# Hanyes or Chilton Repair Manuals



## Thundercracker (Oct 1, 2009)

Wondering if anyone uses either of these and if any one is more acurate/informative than the other.

Gotta keep my 1997 F150 rolling.


----------



## scavengerj (Sep 10, 2007)

IMO the Chilton's is best of the two. Better yet would be to get an FSM.


DMS #525
AMSA #1102
OBPA


----------



## jcbrock (Apr 16, 2007)

I agree w/ Chilton's. However, do NOT get the repair manual on CD-ROM that they are pushing now.
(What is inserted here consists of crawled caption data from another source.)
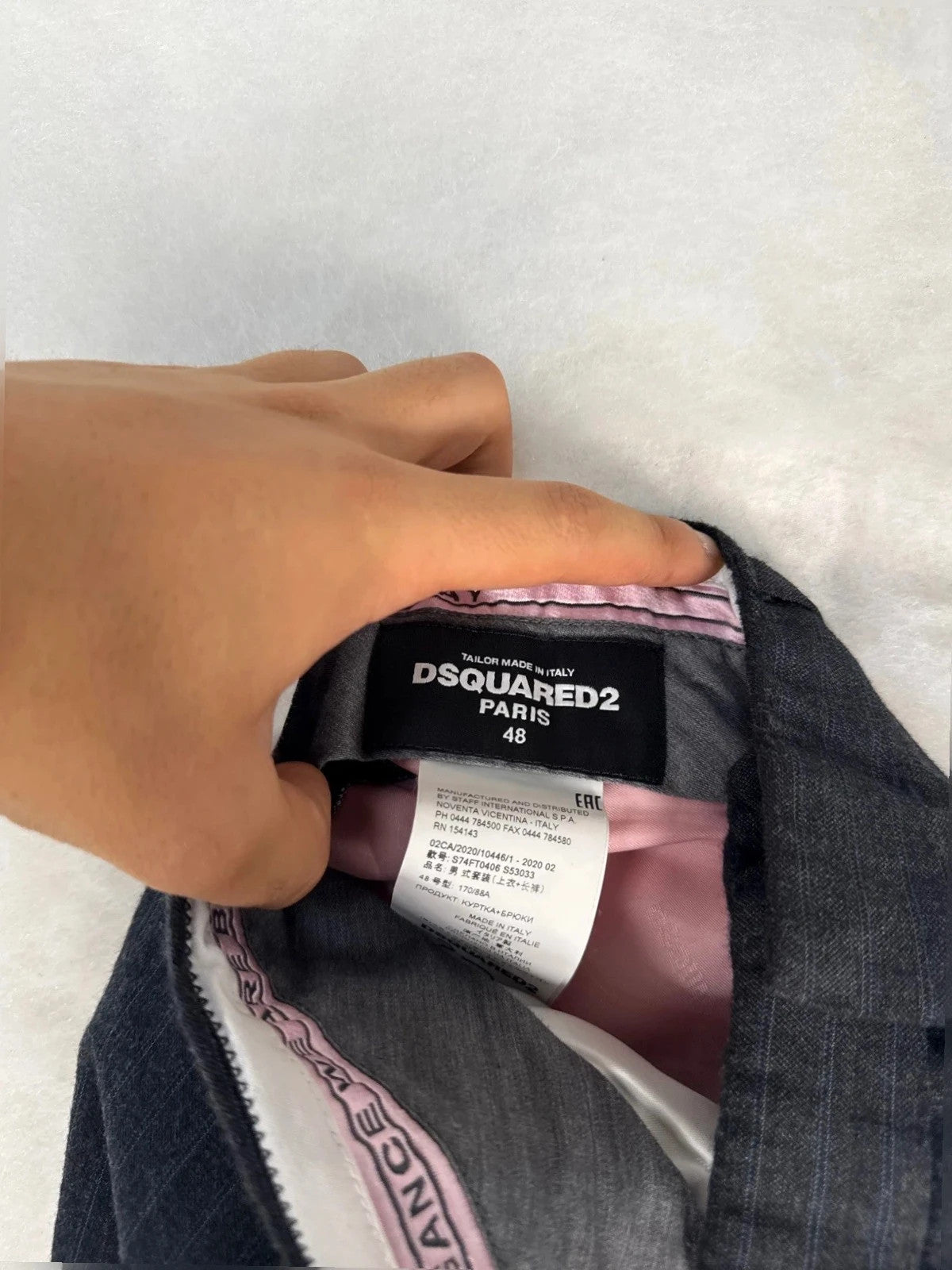 Pantaloni Dsquared2 gessati – Uomo Taglia IT 48 (W38)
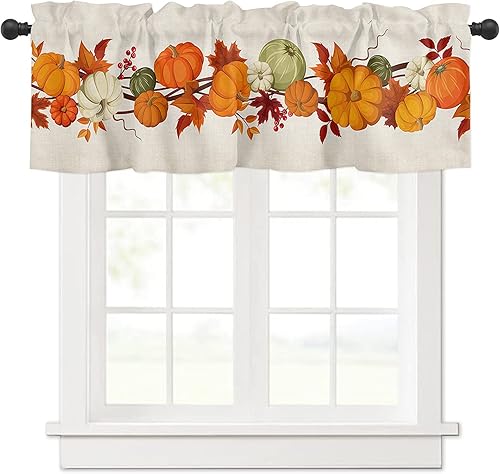 Miniatura 2 de OneHoney Cenefa de cortina de Navidad para ventanas de cocina, decoración de invierno, panel de cortinas cortas con bolsillo para cortinero,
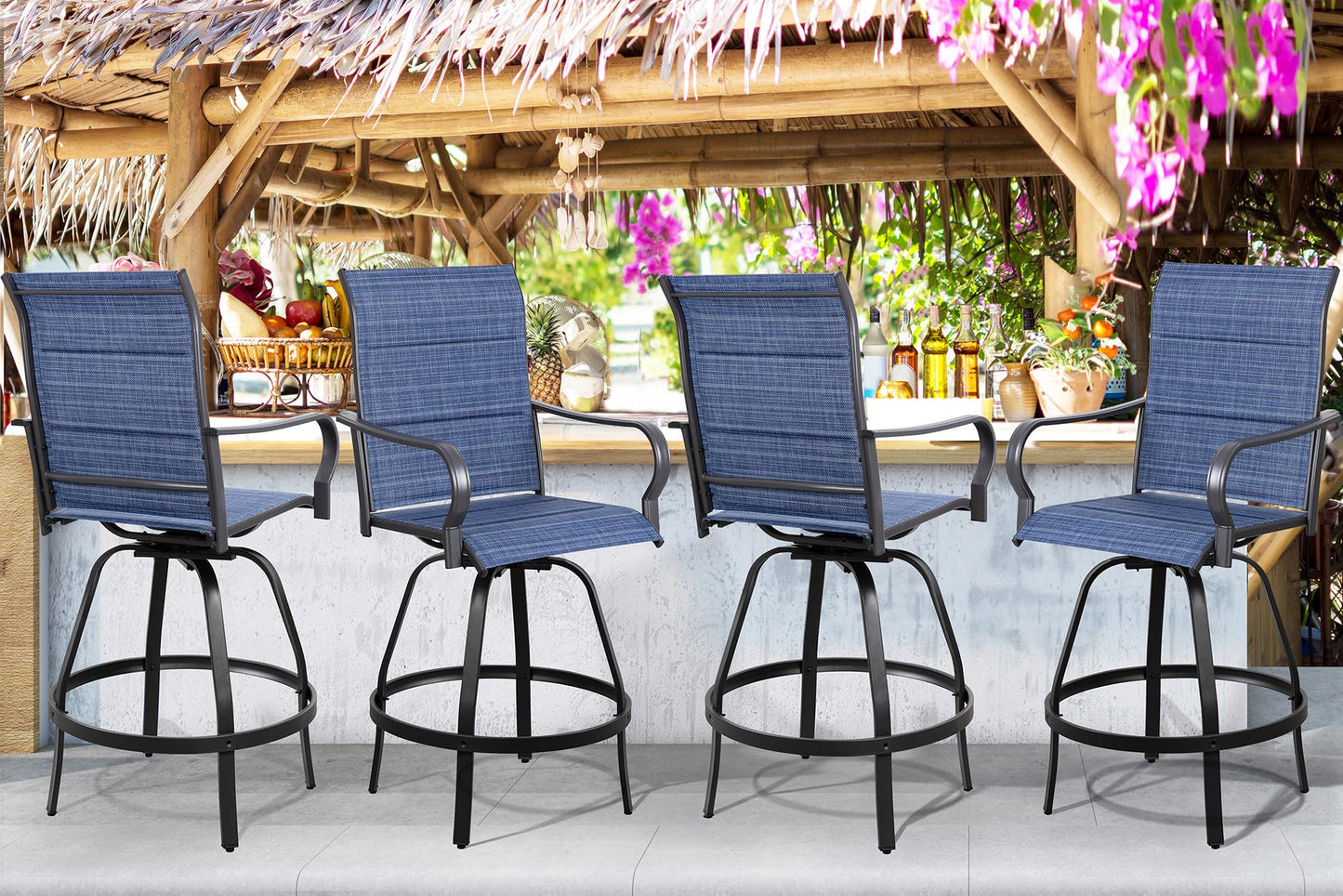 Shintenchi 4 Piece Patio Swivel Bar Chairs, All Weather Padded Textile Outdoor Metal Bar Stools Patio Chairs Set of 4, High Top Bistro Set Furniture for Balcony, Backyard, Lawn Garden, Deck, Deep Blue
I got it to install on one computer, that computer went belly-up and I never could install it on another one.


----------



## SnookMook (Jan 7, 2004)

I've used Haynes for my past vehicle and my new/used one and although they are accurate, sometimes the photos leave much to be desired. I'm not sure sure how the Chilton's are photo wise.


----------



## basstardo (Jun 5, 2006)

Thundercracker, check out www.ford-trucks.com. Better than a Haynes or Chilton manual. I've had two diesels, and I go on the Super Duty and Diesel forums a lot. I've saved thousands from the help of people on that site, and I'm not saying that in any sort of embellishing way. I've done a lot of work to both my diesels, and the costs would have been insane at a dealer, but a lot of the guys will do very detailed writeups with pics for common issues. Check it out.


----------